Subject: 36.857, Confs: Developing models for linguistic research: Training data usage in low-resource scenarios (Workshop as part of the 2nd "Language & Languages at the crossroads of Disciplines" conference) (France)
Moderator: Steven Moran (linguist at linguistlist.org)
Managing Editor: Justin Fuller
Team: Helen Aristar-Dry, Steven Franks, Joel Jenkins, Daniel Swanson, Erin Steitz
Jobs: jobs at linguistlist.org | Conferences: callconf at linguistlist.org | Pubs: pubs at linguistlist.org
Homepage: http://linguistlist.org
Editor for this issue: Justin Fuller <justin at linguistlist.org>
================================================================
Date: 12-Mar-2025
From: Natasha Romanova [natalia.romanova at unicaen.fr]
Subject: Developing models for linguistic research: Training data usage in low-resource scenarios (Workshop as part of the 2nd "Language & Languages at the crossroads of Disciplines" conference)
Developing models for linguistic research: Training data usage in
low-resource scenarios (Workshop as part of the 2nd "Language &
Languages at the crossroads of Disciplines" conference)
Date: 01-Sep-2025 - 03-Sep-2025
Location: University of Lille, France ESJ Lille, 50, rue
Gauthier-de-Châtillon - 59046 Lille, France
Contact: Natasha Romanova
Contact Email: natalia.romanova at unicaen.fr
Meeting URL: https://llcd2025.sciencesconf.org/resource/page/id/8
Linguistic Field(s): Applied Linguistics; Computational Linguistics;
General Linguistics; Historical Linguistics; Syntax
The advent of deep learning technologies, and in particular Large
Language Models (LLMs) and their multilingual variants, promised to
facilitate a wide variety of labour-intensive expert tasks required to
conduct corpus-based research in linguistics, including but not
limited to transcription of handwritten (Kiessling et al. 2019) and
oral (Michaud et al. 2020) sources, lemmatization (Camps et al. 2022),
syntactic tagging and parsing (Guiller 2020), named entity recognition
(Ortiz Suárez et al. 2020), segmentation of speech (Algayres et al.
2023) and text (Levenson et al. 2024) etc. This can be especially
relevant for low-resource scenarios with limited amounts of available
training data, for example when working with under-resourced (e.g.

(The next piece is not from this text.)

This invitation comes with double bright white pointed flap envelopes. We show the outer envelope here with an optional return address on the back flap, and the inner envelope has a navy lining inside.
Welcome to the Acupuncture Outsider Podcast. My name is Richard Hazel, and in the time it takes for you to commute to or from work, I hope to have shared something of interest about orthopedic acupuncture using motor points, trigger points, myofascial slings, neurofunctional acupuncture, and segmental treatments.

minority and endangered) languages or ancient languages, where
few digital corpora exist.
These languages may not have a standardized spelling which can impact
transcription and annotation tasks (transcription of oral corpora
necessitates decisions about transcription guidelines; spelling
variation in written corpora can complicate annotation, etc). Further
examples of low-resource scenarios are learner corpora or language
disorder corpora. In these cases, however, a single round of
fine-tuning of an LLM can often result in output quality that is well
below the state of the art for well-resourced tasks and linguistic
varieties. As shown by Kantharuban et al. (2023) on dialectal data,
there is no one-size-fits-all solution for this issue: the optimal
approach depends on language, task, model, and data type, and can be
affected both by data size and data makeup. Moreover, computing power
needed to train and fine-tune models requires considerable investment
and has a non-negligible environmental impact (Bender et al 2021).

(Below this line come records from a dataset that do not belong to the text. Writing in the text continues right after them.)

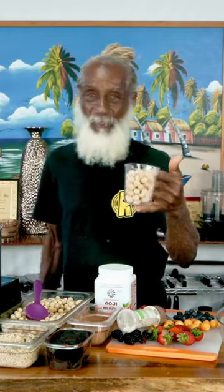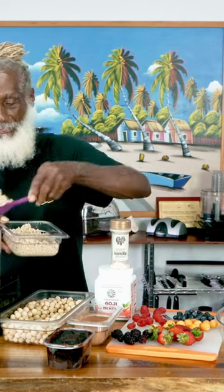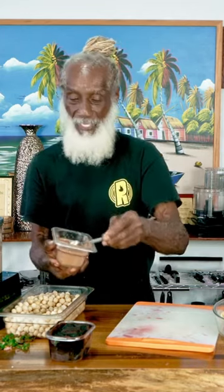One cup — one cup of raw macadamia. We're going to put two cups of our sprouted piboua in here. That's a half a cup of the cacao powder, so we're going to put three tablespoons — that's nine teaspoons.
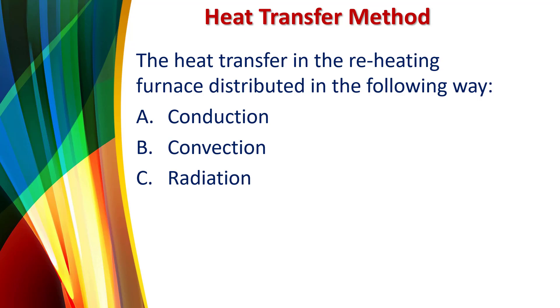The heat transfer in the reheating furnace is distributed in the following ways: conduction, convection, and radiation.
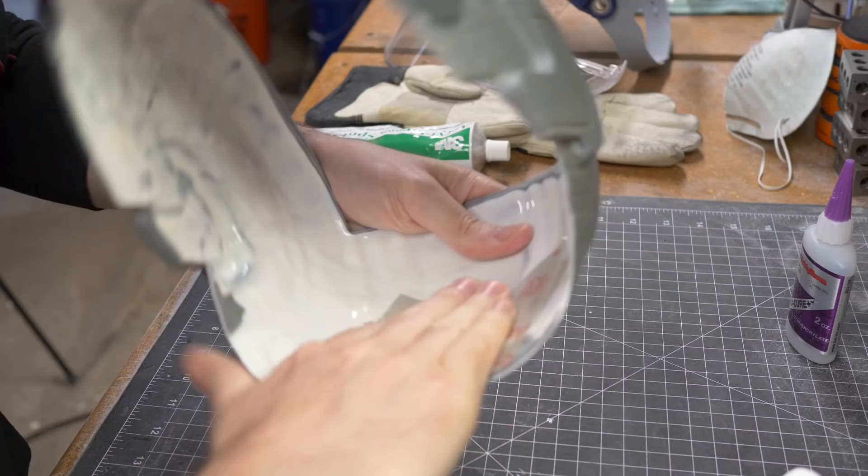Today I'm continuing work on the Starlord helmet — I'll be doing the painting today. Now where we last left off, I've done quite a bit of work to get to where I am now, so I'm going to give you a quick rundown on what I did.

This workshop explores research aimed at optimizing model adaptation
processes (using LLMs or alternatives), in particular by addressing
the distance between training and target corpora in the contexts of
limited linguistic, human and energy resources. These approaches range
from computational methods dedicated to training optimization (e.g.

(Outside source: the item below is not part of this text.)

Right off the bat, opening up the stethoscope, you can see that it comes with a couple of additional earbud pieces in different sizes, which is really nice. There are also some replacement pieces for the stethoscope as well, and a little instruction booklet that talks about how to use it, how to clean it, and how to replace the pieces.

curriculum learning, Bengio et al. 2009) to linguistically motivated
protocols for training data selection (e.g. Guibon et al. 2015). These
methods take into account not only the amount, but also the makeup and
the quality of training data, which is progressively mobilized during
training, allowing for a gradual adaptation of the model to the target
language or language variety, genre or type of data. The behaviour of
the trained systems during the adaptation process can, in turn, inform
linguists about the distance between the training corpus and the
target corpus.
In this workshop, we would like to address similarities and
differences in the approaches to the design of model adaptation
processes in different areas of linguistic application (transcription,
annotation etc) with three research questions in mind:
1) How can measuring the distance between the training corpus and the
target corpus (linguistic and “extra-linguistic” distance, e.g.
principles of annotation and segmentation) before training guide the
construction of training and fine-tuning datasets?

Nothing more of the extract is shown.